> What you should do
Every line of the listing must be reproduced as it stands. Leave the images behind.

> Data shown
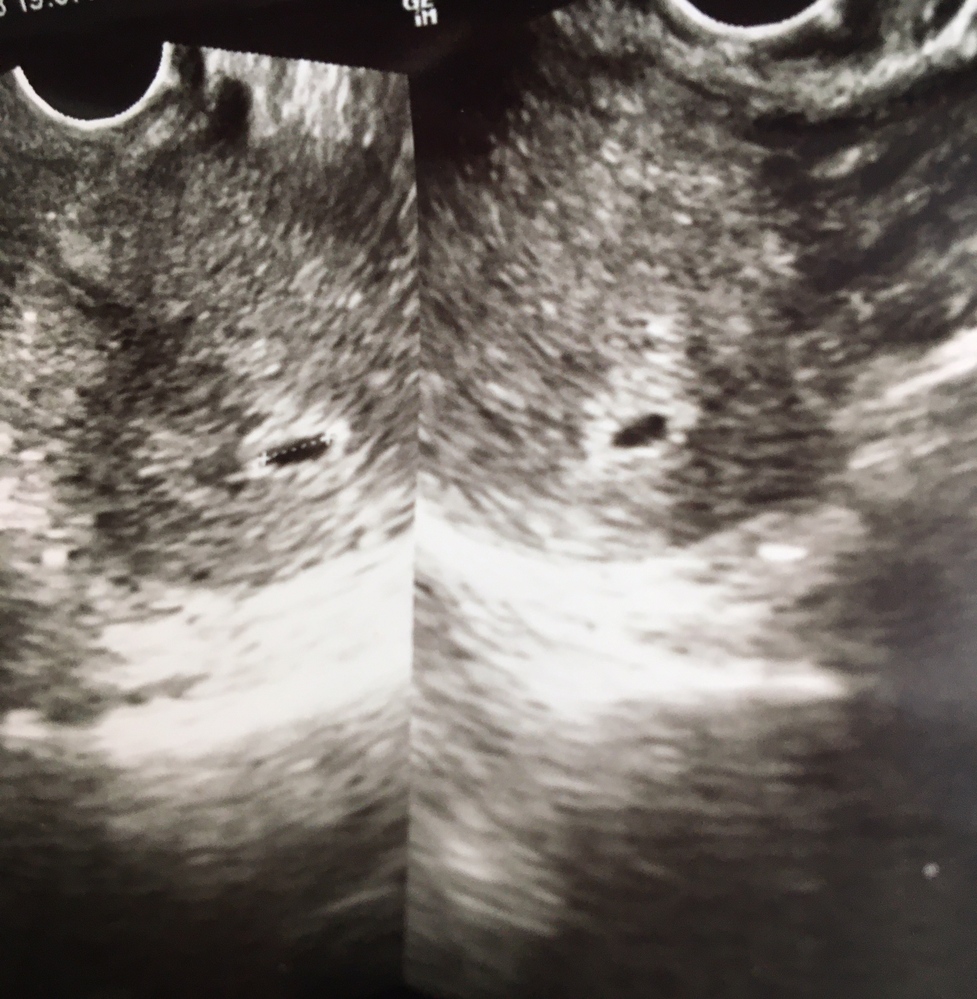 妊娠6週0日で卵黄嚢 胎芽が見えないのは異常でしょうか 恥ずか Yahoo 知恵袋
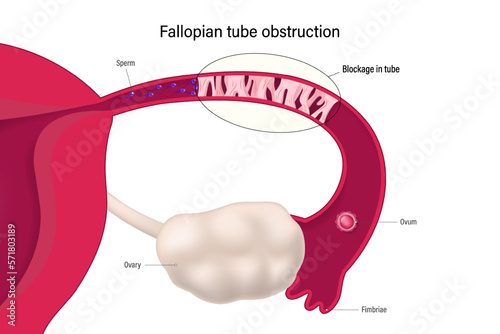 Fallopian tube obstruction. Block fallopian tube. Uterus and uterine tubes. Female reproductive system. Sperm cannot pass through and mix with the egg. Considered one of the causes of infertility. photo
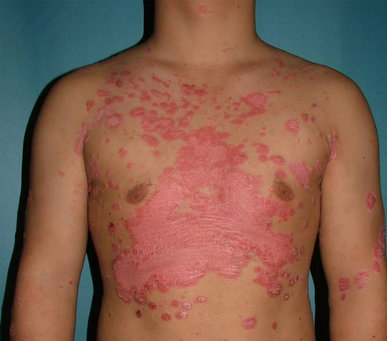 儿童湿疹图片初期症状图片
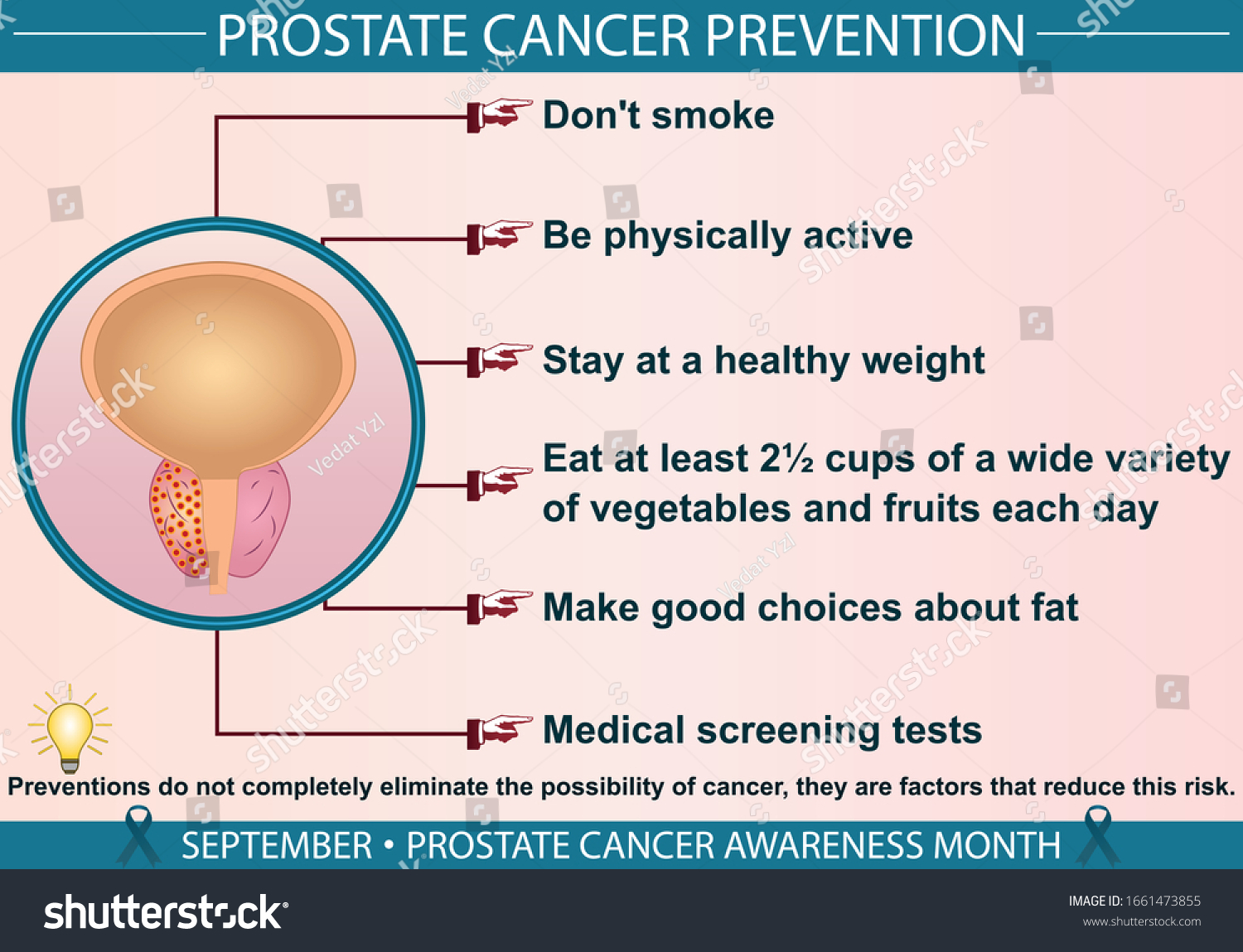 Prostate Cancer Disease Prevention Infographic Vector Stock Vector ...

> Result of this task
 妊娠6週0日で卵黄嚢 胎芽が見えないのは異常でしょうか 恥ずか Yahoo 知恵袋
 Fallopian tube obstruction. Block fallopian tube. Uterus and uterine tubes. Female reproductive system. Sperm cannot pass through and mix with the egg. Considered one of the causes of infertility. photo
 儿童湿疹图片初期症状图片
 Prostate Cancer Disease Prevention Infographic Vector Stock Vector ...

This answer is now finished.